Comeback-Mann wieder auf der Überholspur
"Die bessere Vorhand hat entschieden" - so fasste Jürgen Hager das enge Match seines Schützlings Eitzinger gegen Guzman zusammen. "Eitzes" argentinischer Gegner ist kein gänzlich Unbekannter: Vor zwei Jahren stand Guzman recht knapp vor dem Sprung in die Top 100, im Vorjahr stoppte ihn dann eine Verletzung. Nach achtmonatiger Pause feierte er heuer im April sein Comeback. Seitdem konnte er bereits einige Achtungserfolge verbuchen. In Posen hatte er nur durch ein Protected Ranking einen Platz im Hauptfeld ergattert.
Neo-Top-100-Spieler als unlösbare Aufgabe?
Fünf Punkte hat Eitzinger bis Monatsende zu verteidigen, diese hat er mit dem Achtelfinaleinzug längst geholt. Kein leichtes Unterfangen dürfte es für den Tiroler allerdings werden, ins zweite Viertelfinale ensuite nach Montauban in der Vorwoche einzuziehen. Mit Jan Hajek wartet die Nummer eins des Turniers. Der Tscheche war bereits einmal auf dem Weg an die Spitze, ehe ihn das Verletzungspech verfolgte. Nun befindet sich Hajek in der Form seines Lebens: Mit Siegen beim Barletta-Challenger und den höher dotierten Events von Braunschweig und Prostejov schaffte er diese Woche als Nummer 92 erstmals den Einzug in die Top 100. Ein Duell zwischen Hajek und Eitzinger gab es bisher noch nicht.
Heimvorteil nützt nichts
Drei Niederlagen in Folge hatte Werner Eschauer zuletzt kassiert, darunter zwei unglückliche Auftaktschlappen. Nach einem Monat ohne Erfolg steht der Hollensteiner nun durch den Sieg über Michal Przysiezny wieder in einer zweiten Runde. Im Head-to-head mit dem Polen stellte Werner auf 2:0. Im Jahr 2003 hatte er Przysiezny ebenfalls bei einem Challenger in seiner Heimat erwischt: Beim 6:3, 6:4 in Breslau war Eschauer ebenso ohne Satzverlust geblieben. Zählbare Erfolge kann Eschauer derzeit gut benötigen. Das nächste Turnier, bei dem die heimische Nummer vier Punkte zu verteidigen hat, steigt erst Ende August. Es handelt sich hierbei aber um den Genf-Challenger, den Werner 2005 für sich entschied.

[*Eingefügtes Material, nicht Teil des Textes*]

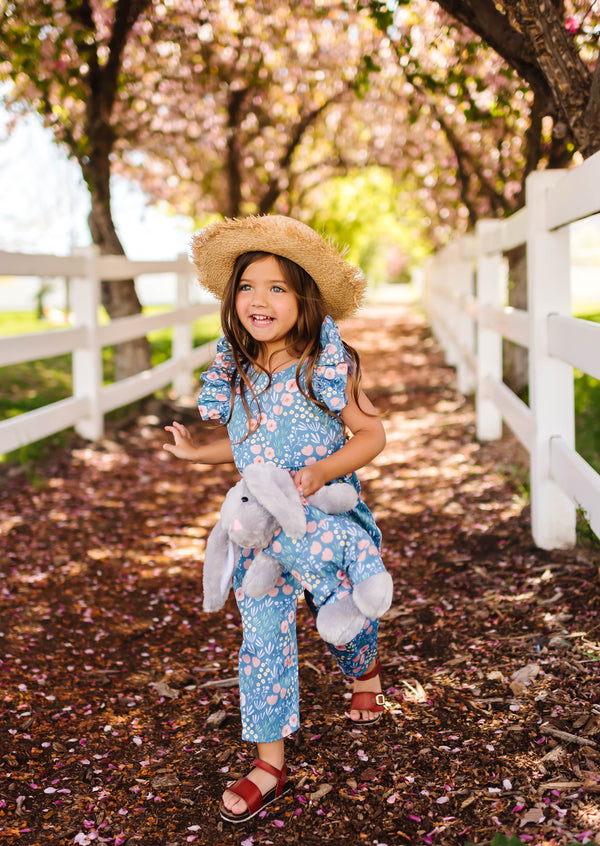 Poppy Jumpsuit With Matching Bunny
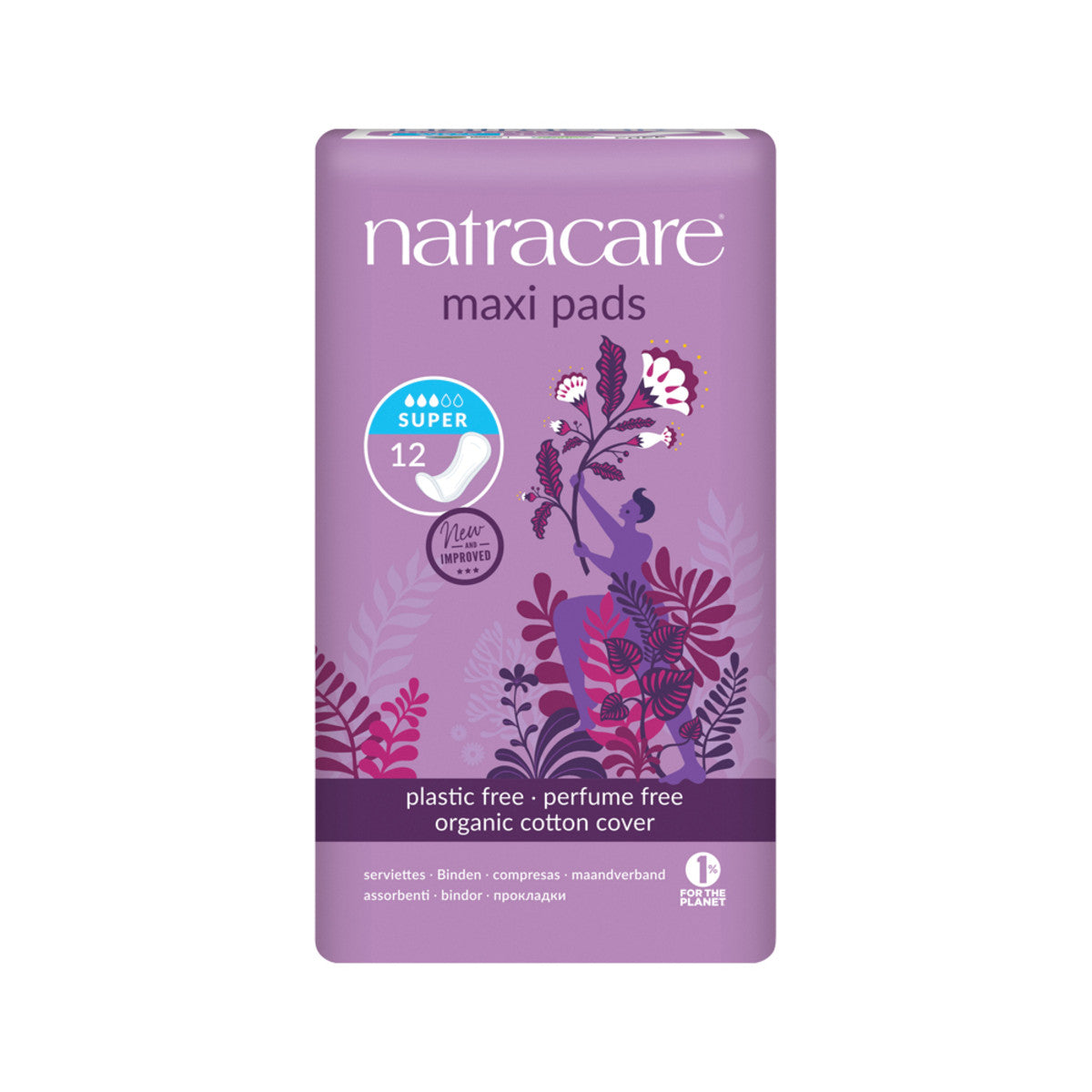 Natracare Maxi Pads Super 12-The Living Co.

Ex-Top-100-Spieler als lösbare Aufgabe?
Wie Eitzinger bekommt es auch Eschauer nun mit einem Tschechen zu tun: der ehemaligen Nummer 51 der Welt, Tomas Zib (6). Durch eine schwache zweite Saisonhälfte verlor der 30-Jährige im Vorjahr seinen Platz in den Top 100. Diesen hat sich Zib 2006 durch zwei Challenger-Endspiele und der zweiten Runde in Wimbledon wieder ein wenig angenähert. Vom heiligen Rasen hatte er sich allerdings mit einem 1:6, 1:6, 0:6 gegen Olivier Rochus wenig ruhmreich verabschiedet. Auch in der Woche darauf scheiterte er in Biella vorzeitig. Zib hat sieben seiner letzten acht Spiele verloren. Vor Beginn dieser Serie machte er heuer noch mit einem Österreicher Bekanntschaft: Ex-Daviscupper Wolfgang Schranz hätte Zib beim Prag-Challenger beinahe eliminiert.